Complete step by step answer:
Consider a solenoid of length $0.4m$ and diameter $0.6m$ that consists of $1000$ turns of fine wire that is carrying a current of $5 \times {10^{ - 3}}\,A$.
Therefore, the length of solenoid, $ = 0.4\,m$
Also, the diameter of solenoid, $ = 0.6\,m$
Number of turns in solenoid, $n = 1000$
Current in solenoid, $I = 5 \times {10^{ - 3}}\,A$
Now, the magnetic field at a point on the axis of a solenoid is given by
$B = \dfrac{{{\mu _0}nI}}{2}\left( {\sin \alpha + \sin \beta } \right)$
Now, we know that at the center of the solenoid, the angle of the magnetic field will be equal, therefore
$\alpha = \beta $
Therefore, the magnetic field at the center of the solenoid is given by
$B = \dfrac{{{\mu _0}nI}}{2}\left( {\sin \alpha + \sin \alpha } \right)$
$ \Rightarrow \,B = \dfrac{{{\mu _0}nI}}{2} \times 2\sin \alpha $
$ \Rightarrow \,B = {\mu _0}nI\sin \alpha $
Now, substituting the values in the above equation, we get
$ \Rightarrow \,B = 4\pi \times {10^{ - 7}} \times \dfrac{{1000}}{{0.4}} \times \left( {5 \times {{10}^{ - 3}}} \right) \times \left( {\dfrac{{0.2}}{{\sqrt {{{\left( {0.3} \right)}^2} + {{\left( {0.2} \right)}^2}} }}} \right)$
$ \Rightarrow \,B = 4\pi \times \dfrac{{10000}}{4} \times {10^{ - 10}} \times 5 \times \left( {\dfrac{{0.2}}{{0.0036}}} \right)$
$ \Rightarrow \,B = 5\pi \times {10^{ - 6}} \times 0.555$
$ \Rightarrow \,B = 2.775\pi \times {10^{ - 6}}$
$ \Rightarrow \,B = 2.775 \times \dfrac{{22}}{7} \times {10^{ - 6}}$
$ \therefore \,B = 8.73 \times {10^{ - 6}}\,Tesla$
Therefore, the magnetic field at the center of solenoid is $8.73 \times {10^{ - 6}}\,Tesla$.

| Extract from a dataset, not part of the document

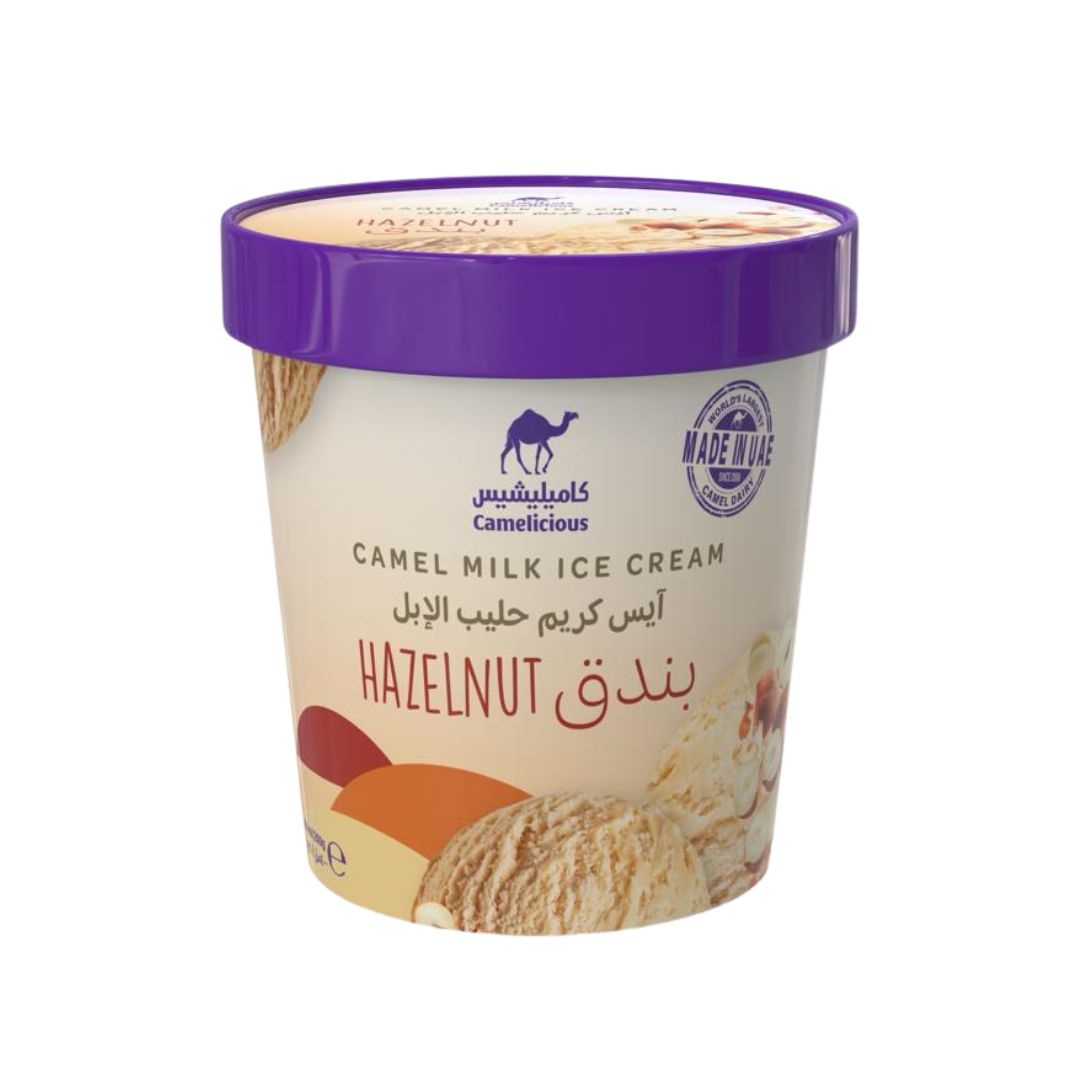 Camelicious Hazelnut Camel Milk Ice Cream 400ml tub with purple lid, showing hazelnut and ice cream scoop illustration on the front label.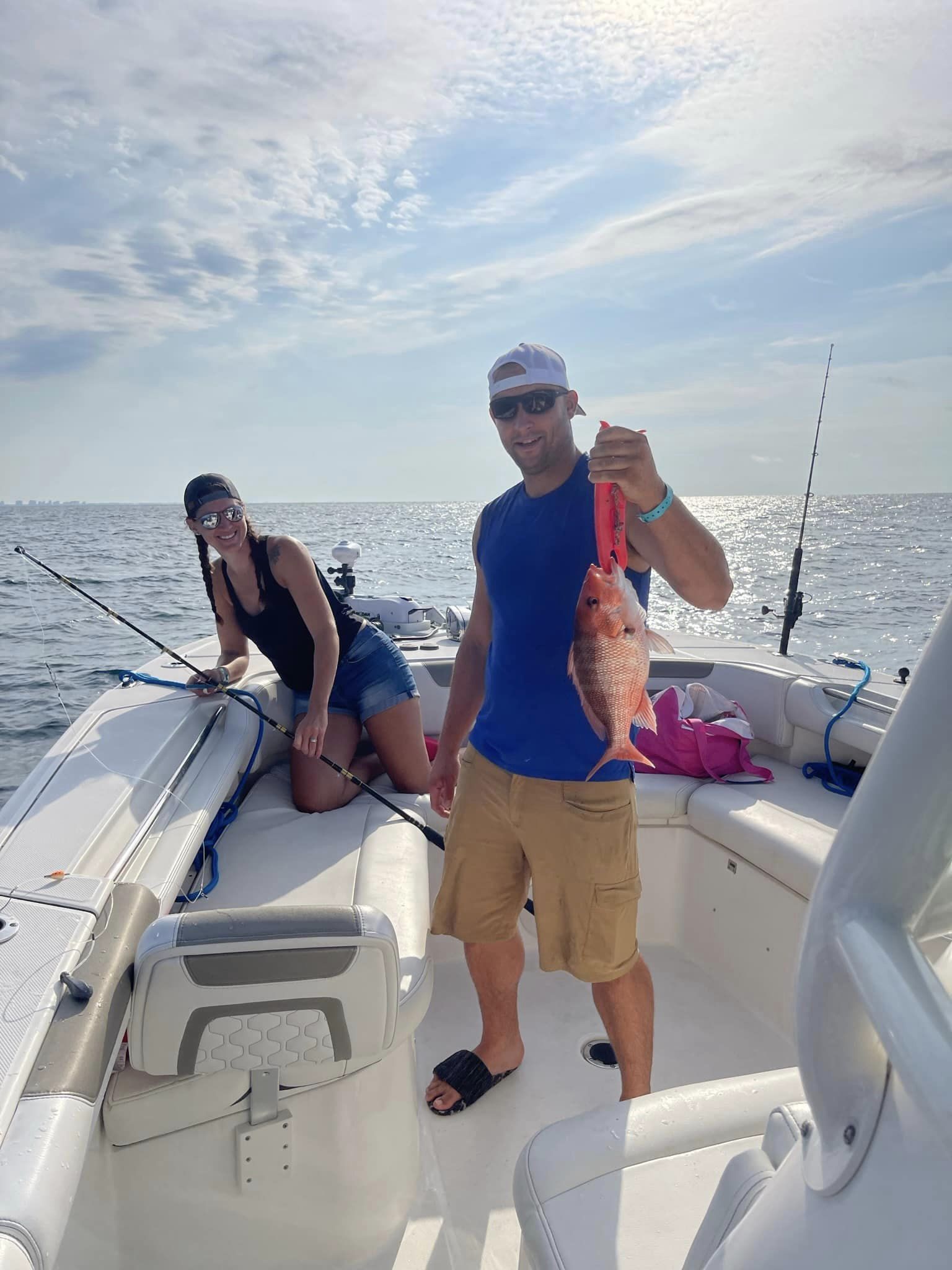 Two anglers with a large fish in Fort Walton Beach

Now, at the end of the solenoid one angle will be zero, therefore, the magnetic field at the end of the solenoid is given by
$B = \dfrac{{4\pi \times {{10}^{ - 7}} \times \dfrac{{1000}}{{0.4}} \times \left( {5 \times {{10}^{ - 3}}} \right)}}{2}\left( {\sin 0 + \dfrac{{0.4}}{{\sqrt {{{\left( {0.4} \right)}^2} + {{\left( {0.3} \right)}^2}} }}} \right)$
$ \Rightarrow \,B = \dfrac{{4\pi \times \dfrac{{10000}}{4} \times {{10}^{ - 10}} \times 5}}{2} \times \left( {\dfrac{{0.4}}{{\sqrt {0.16 + 0.09} }}} \right)$
$ \Rightarrow \,B = \dfrac{{5\pi \times {{10}^{ - 6}}}}{2} \times \left( {\dfrac{{0.4}}{{0.5}}} \right)$
$ \Rightarrow \,B = \dfrac{{5\pi \times {{10}^{ - 6}}}}{2} \times 0.8$
$ \Rightarrow \,B = \dfrac{{4\pi \times {{10}^{ - 6}}}}{2}$
$ \Rightarrow \,B = 2\pi \times {10^{ - 6}}$
$ \Rightarrow \,B = 2 \times \dfrac{{22}}{7} \times {10^{ - 6}}\,Tesla$
$ \therefore \,B = 6.28 \times {10^{ - 6}}\,Tesla$
Therefore, the magnetic field at the end of the solenoid is $6.28 \times {10^{ - 6}}\,Tesla$.Therefore, the magnetic field on the axis at the middle and at the end of the solenoid are $8.73 \times {10^{ - 6}}\,T$ , $6.28 \times {10^{ - 6}}\,T$.

Hence, option A is the correct option.

Note:The angle at the center of the solenoid is equal because the angle on both the sides of the point will be equal. Also, we have divided the value of turns by length because the turns are on the entire length of the solenoid and we are taking the point on the solenoid. Also, the value of length and diameter is taken half in the first case because the point is at the center of solenoid.